> WHAT TO WORK ON
Find the line holding "सह-संपादक: शालिनी सिंह भदौरिया" in the entries below. Give it again exactly, along with every line after it up to and including the line holding "Used 2022 Toyota Tacoma SR image 11".

((

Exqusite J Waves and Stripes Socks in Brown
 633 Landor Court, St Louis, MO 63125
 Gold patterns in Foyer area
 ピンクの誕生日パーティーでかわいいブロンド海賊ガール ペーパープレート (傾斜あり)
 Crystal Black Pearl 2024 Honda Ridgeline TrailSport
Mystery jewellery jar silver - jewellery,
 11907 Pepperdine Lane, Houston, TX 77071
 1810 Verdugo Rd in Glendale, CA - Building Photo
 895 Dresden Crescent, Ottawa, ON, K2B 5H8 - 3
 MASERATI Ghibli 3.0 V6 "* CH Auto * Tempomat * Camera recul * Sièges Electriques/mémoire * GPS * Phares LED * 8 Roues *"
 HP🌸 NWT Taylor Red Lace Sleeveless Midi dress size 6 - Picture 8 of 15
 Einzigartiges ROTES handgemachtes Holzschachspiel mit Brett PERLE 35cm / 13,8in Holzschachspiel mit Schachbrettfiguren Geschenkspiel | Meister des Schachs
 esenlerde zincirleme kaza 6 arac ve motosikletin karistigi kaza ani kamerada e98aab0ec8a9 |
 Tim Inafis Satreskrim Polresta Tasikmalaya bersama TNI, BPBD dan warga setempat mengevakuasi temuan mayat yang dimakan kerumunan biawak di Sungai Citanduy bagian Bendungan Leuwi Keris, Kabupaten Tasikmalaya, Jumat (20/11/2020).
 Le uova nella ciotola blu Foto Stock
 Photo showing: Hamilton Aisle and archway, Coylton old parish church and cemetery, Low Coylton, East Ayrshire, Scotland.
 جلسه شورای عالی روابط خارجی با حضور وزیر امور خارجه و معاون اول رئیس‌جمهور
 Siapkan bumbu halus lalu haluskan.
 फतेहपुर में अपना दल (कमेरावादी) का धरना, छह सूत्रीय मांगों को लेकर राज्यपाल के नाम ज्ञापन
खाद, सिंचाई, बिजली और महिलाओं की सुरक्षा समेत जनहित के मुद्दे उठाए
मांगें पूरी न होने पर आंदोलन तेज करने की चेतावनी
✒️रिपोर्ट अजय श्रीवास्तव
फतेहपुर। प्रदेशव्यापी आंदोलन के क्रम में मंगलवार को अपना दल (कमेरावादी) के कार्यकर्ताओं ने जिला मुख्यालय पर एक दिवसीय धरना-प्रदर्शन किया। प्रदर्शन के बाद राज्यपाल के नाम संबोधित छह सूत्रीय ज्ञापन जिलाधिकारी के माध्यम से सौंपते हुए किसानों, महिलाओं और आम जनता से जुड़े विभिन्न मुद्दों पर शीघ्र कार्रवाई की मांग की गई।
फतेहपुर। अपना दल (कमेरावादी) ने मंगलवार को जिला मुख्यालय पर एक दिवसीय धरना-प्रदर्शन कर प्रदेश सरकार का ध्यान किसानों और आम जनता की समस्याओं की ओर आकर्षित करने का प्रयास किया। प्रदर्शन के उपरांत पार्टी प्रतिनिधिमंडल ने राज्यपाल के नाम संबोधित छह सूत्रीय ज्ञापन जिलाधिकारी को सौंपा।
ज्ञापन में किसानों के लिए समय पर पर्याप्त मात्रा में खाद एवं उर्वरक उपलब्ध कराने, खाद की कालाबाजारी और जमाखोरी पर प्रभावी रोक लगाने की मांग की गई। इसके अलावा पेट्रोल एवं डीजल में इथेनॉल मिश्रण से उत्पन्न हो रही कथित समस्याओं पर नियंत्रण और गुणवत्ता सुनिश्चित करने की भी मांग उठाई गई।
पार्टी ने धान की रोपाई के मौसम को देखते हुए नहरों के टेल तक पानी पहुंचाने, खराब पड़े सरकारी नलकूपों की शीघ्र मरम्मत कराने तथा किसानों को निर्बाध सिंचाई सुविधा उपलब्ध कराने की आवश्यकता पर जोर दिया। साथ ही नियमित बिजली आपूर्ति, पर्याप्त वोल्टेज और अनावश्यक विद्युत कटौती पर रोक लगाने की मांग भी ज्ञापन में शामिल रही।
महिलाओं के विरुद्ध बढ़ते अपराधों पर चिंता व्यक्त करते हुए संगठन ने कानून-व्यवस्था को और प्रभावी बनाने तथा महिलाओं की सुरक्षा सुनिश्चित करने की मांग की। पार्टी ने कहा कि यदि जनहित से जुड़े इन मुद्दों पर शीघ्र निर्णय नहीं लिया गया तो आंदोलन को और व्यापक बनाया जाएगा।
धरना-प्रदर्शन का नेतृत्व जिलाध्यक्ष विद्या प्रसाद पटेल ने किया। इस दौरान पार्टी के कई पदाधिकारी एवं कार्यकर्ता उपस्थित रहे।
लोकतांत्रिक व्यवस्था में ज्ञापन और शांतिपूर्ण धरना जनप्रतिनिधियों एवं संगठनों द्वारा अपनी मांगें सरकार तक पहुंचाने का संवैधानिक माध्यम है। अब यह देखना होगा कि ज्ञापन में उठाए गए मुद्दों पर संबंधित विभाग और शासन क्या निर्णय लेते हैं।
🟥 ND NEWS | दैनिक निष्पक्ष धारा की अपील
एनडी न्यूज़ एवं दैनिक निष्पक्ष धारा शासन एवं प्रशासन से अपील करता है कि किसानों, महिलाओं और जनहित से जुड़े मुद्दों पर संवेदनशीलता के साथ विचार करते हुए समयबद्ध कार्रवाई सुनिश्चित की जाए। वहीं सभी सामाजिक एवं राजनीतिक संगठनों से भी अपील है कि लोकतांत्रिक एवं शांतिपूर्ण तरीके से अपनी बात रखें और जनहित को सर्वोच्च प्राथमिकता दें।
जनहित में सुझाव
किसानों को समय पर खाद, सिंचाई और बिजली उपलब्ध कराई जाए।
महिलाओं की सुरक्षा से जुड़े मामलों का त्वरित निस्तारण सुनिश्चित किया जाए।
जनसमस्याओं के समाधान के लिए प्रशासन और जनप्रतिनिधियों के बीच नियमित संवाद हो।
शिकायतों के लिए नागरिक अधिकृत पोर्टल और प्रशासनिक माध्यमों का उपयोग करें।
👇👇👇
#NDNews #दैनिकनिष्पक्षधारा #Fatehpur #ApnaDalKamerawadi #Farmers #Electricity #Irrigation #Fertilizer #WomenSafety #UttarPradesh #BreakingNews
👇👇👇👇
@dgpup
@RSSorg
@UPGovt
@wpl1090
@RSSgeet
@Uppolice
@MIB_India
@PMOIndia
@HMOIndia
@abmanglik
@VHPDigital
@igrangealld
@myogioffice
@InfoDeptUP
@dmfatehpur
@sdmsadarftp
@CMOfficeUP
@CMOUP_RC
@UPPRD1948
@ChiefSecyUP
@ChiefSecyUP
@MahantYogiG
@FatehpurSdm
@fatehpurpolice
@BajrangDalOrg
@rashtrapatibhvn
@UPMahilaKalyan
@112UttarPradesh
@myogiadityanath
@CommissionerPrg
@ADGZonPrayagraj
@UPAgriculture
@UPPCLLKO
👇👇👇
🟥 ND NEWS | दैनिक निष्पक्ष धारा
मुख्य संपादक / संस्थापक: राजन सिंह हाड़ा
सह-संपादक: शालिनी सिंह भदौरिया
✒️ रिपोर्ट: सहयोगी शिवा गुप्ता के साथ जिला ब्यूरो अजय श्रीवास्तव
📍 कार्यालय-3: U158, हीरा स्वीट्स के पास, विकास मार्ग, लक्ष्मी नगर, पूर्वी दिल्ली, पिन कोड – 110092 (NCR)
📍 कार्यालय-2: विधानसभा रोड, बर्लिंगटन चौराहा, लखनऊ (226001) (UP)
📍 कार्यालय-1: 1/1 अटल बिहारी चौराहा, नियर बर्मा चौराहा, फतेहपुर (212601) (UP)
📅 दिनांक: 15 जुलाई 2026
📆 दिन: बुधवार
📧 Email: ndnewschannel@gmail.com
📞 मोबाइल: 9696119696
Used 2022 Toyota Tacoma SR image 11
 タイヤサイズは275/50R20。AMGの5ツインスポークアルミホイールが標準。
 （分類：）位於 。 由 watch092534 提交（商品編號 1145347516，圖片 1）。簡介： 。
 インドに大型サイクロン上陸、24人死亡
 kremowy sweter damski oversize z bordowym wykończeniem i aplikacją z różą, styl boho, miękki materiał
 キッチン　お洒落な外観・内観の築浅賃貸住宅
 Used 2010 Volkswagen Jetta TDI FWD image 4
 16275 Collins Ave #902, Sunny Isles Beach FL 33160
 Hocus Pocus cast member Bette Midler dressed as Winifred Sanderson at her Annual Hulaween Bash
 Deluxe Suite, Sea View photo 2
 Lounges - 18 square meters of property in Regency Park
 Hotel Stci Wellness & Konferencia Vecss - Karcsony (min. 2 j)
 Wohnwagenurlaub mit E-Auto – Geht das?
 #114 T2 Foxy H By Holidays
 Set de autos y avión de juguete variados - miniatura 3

))

> TASK RESPONSE
सह-संपादक: शालिनी सिंह भदौरिया
✒️ रिपोर्ट: सहयोगी शिवा गुप्ता के साथ जिला ब्यूरो अजय श्रीवास्तव
📍 कार्यालय-3: U158, हीरा स्वीट्स के पास, विकास मार्ग, लक्ष्मी नगर, पूर्वी दिल्ली, पिन कोड – 110092 (NCR)
📍 कार्यालय-2: विधानसभा रोड, बर्लिंगटन चौराहा, लखनऊ (226001) (UP)
📍 कार्यालय-1: 1/1 अटल बिहारी चौराहा, नियर बर्मा चौराहा, फतेहपुर (212601) (UP)
📅 दिनांक: 15 जुलाई 2026
📆 दिन: बुधवार
📧 Email: ndnewschannel@gmail.com
📞 मोबाइल: 9696119696
Used 2022 Toyota Tacoma SR image 11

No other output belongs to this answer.